# [Captioned web image data]
★ ★ ★ ★ ★ ★ ★

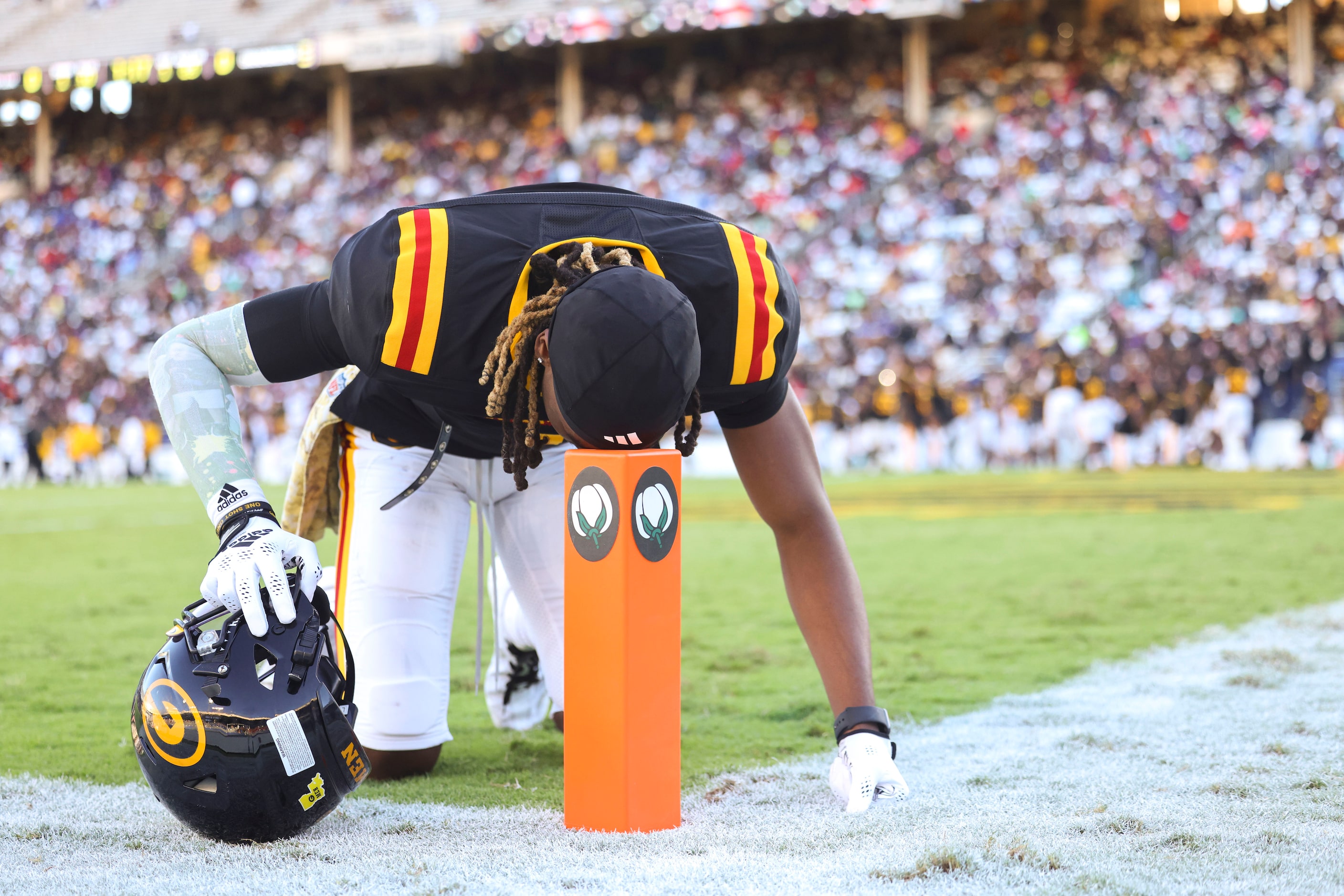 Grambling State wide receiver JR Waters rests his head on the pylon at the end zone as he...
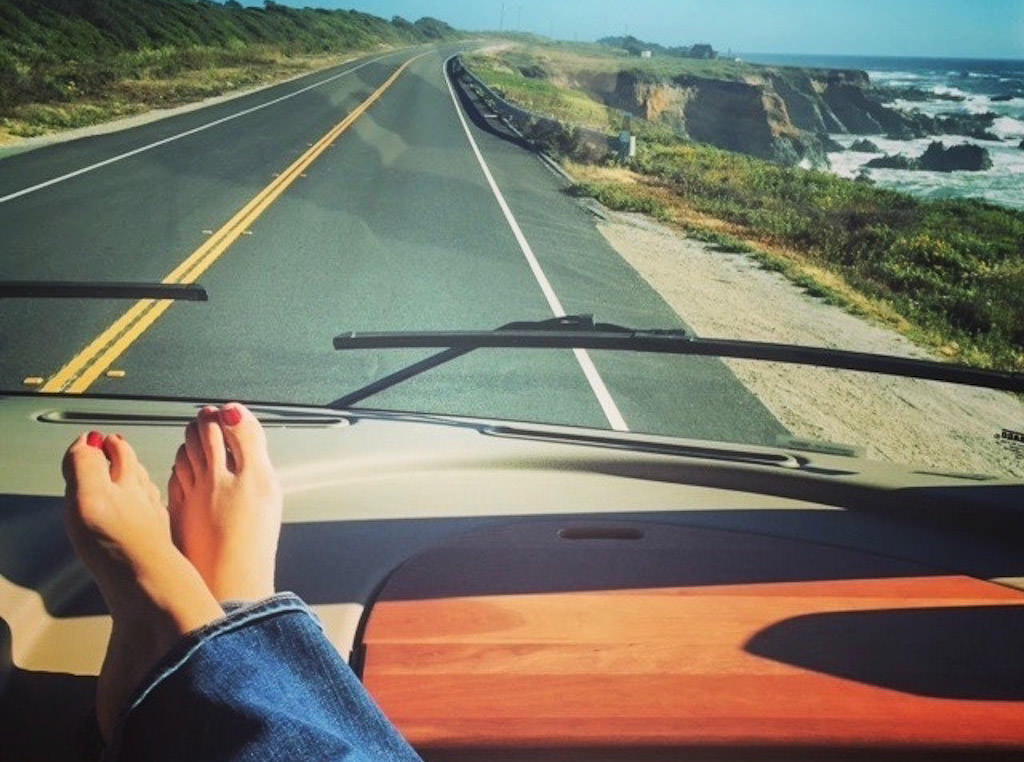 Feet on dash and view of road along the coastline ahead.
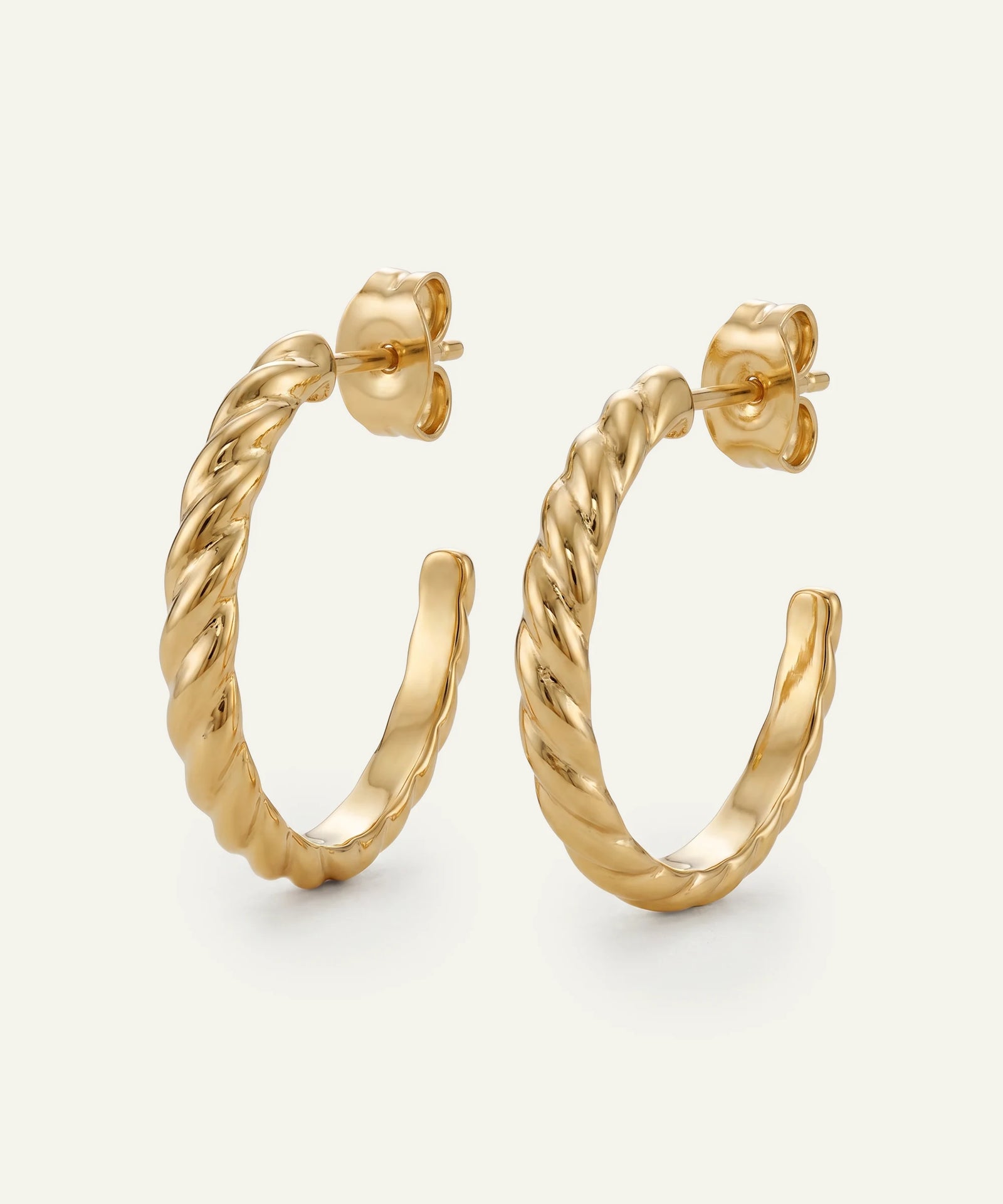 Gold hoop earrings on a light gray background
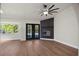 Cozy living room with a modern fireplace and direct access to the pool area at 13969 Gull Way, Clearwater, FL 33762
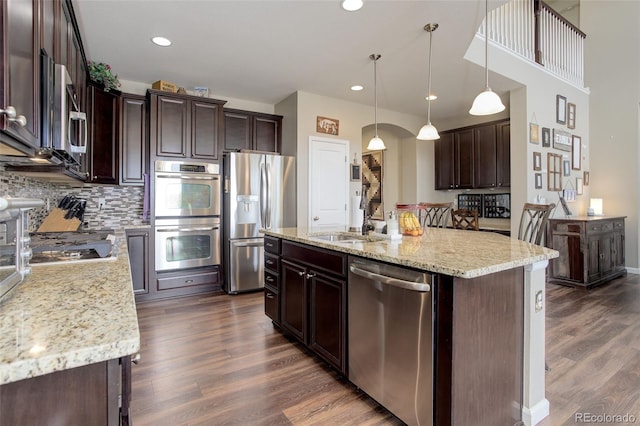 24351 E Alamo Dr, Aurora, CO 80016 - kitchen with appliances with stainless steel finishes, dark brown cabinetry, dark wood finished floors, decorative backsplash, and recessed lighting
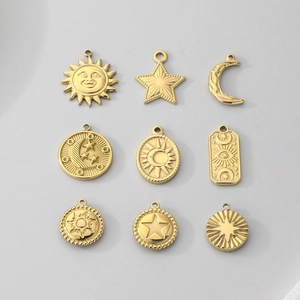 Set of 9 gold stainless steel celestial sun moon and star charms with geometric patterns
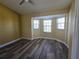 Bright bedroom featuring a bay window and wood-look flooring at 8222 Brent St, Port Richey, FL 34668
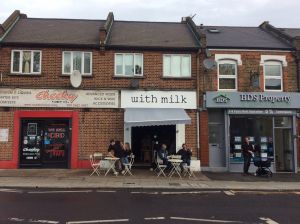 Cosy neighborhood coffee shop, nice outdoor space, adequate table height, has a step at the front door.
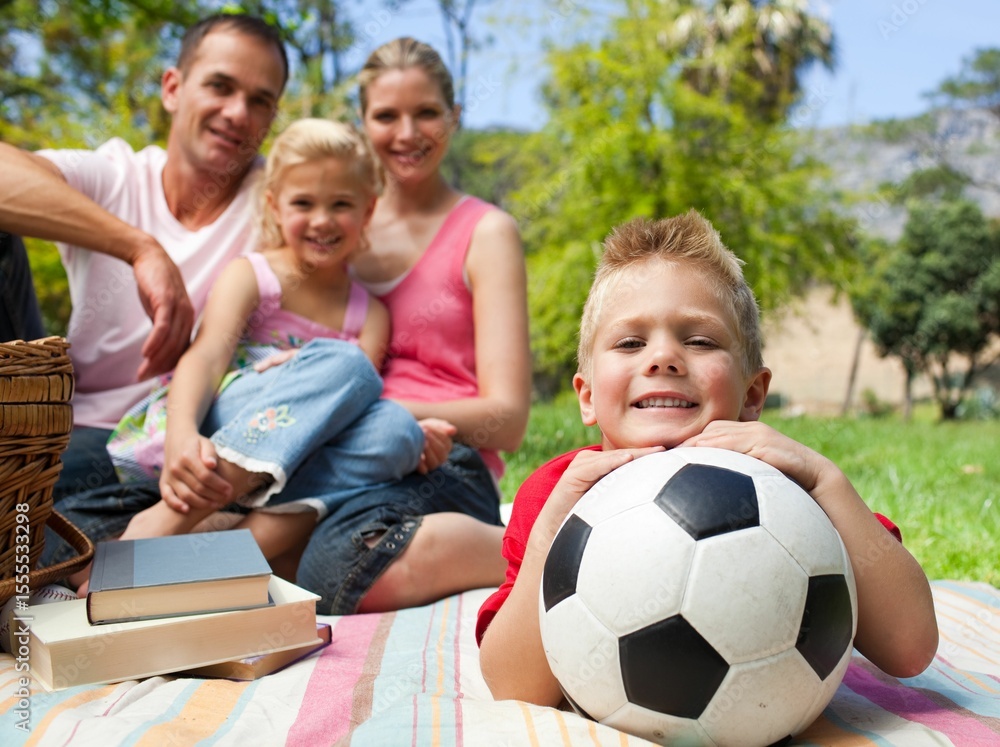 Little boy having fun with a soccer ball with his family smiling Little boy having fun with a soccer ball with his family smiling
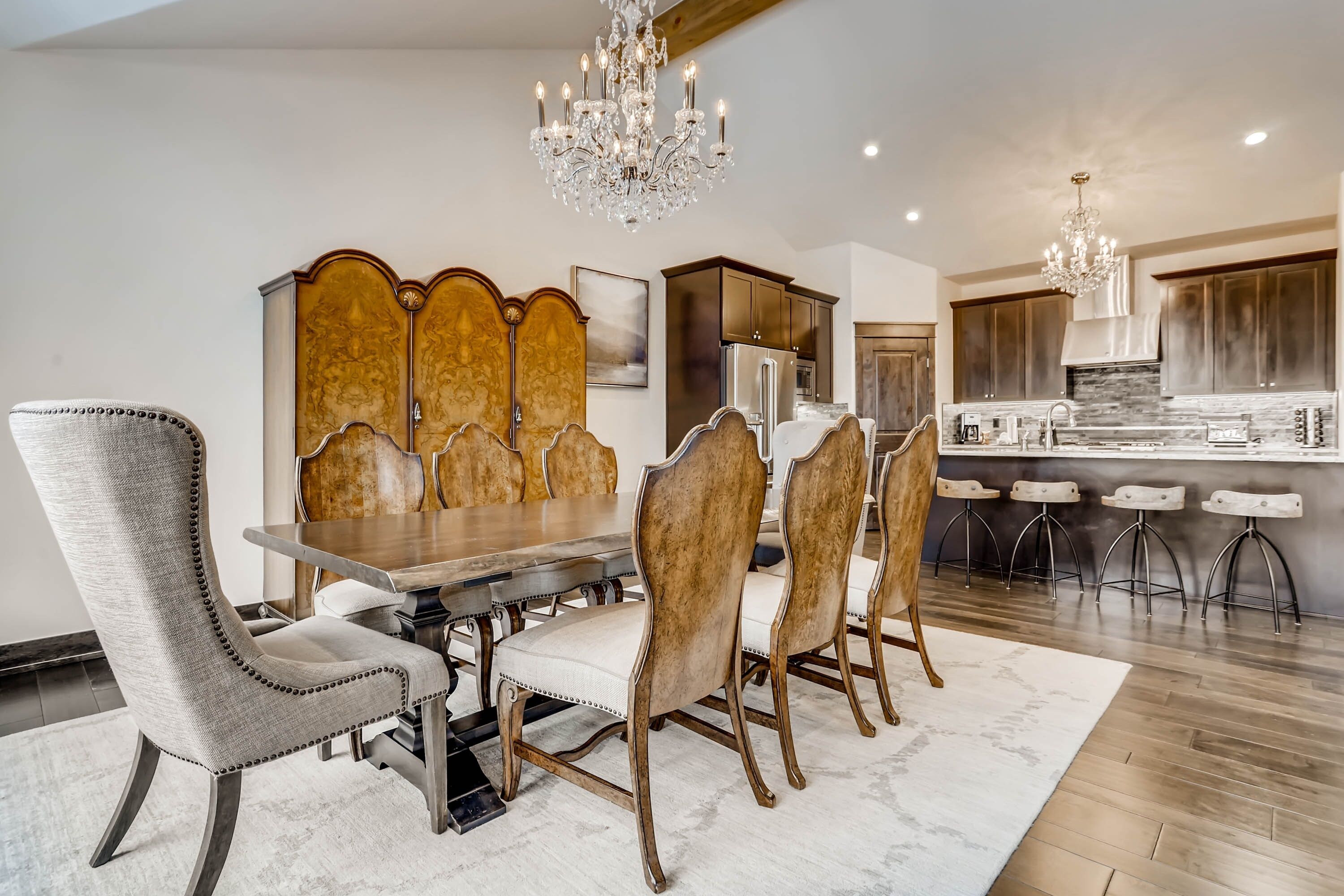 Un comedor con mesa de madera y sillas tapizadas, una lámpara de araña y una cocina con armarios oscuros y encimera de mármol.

★ ★ ★ ★ ★ ★ ★

# [Task objective]
Skip the pictures. Restate exactly the lines from the start of the entries through the line containing "Cosy neighborhood coffee", both ends included.

# [Written solution]
 Grambling State wide receiver JR Waters rests his head on the pylon at the end zone as he...
 Feet on dash and view of road along the coastline ahead.
 Gold hoop earrings on a light gray background
 Cozy living room with a modern fireplace and direct access to the pool area at 13969 Gull Way, Clearwater, FL 33762
 24351 E Alamo Dr, Aurora, CO 80016 - kitchen with appliances with stainless steel finishes, dark brown cabinetry, dark wood finished floors, decorative backsplash, and recessed lighting
 Set of 9 gold stainless steel celestial sun moon and star charms with geometric patterns
 Bright bedroom featuring a bay window and wood-look flooring at 8222 Brent St, Port Richey, FL 34668
 Cosy neighborhood coffee shop, nice outdoor space, adequate table height, has a step at the front door.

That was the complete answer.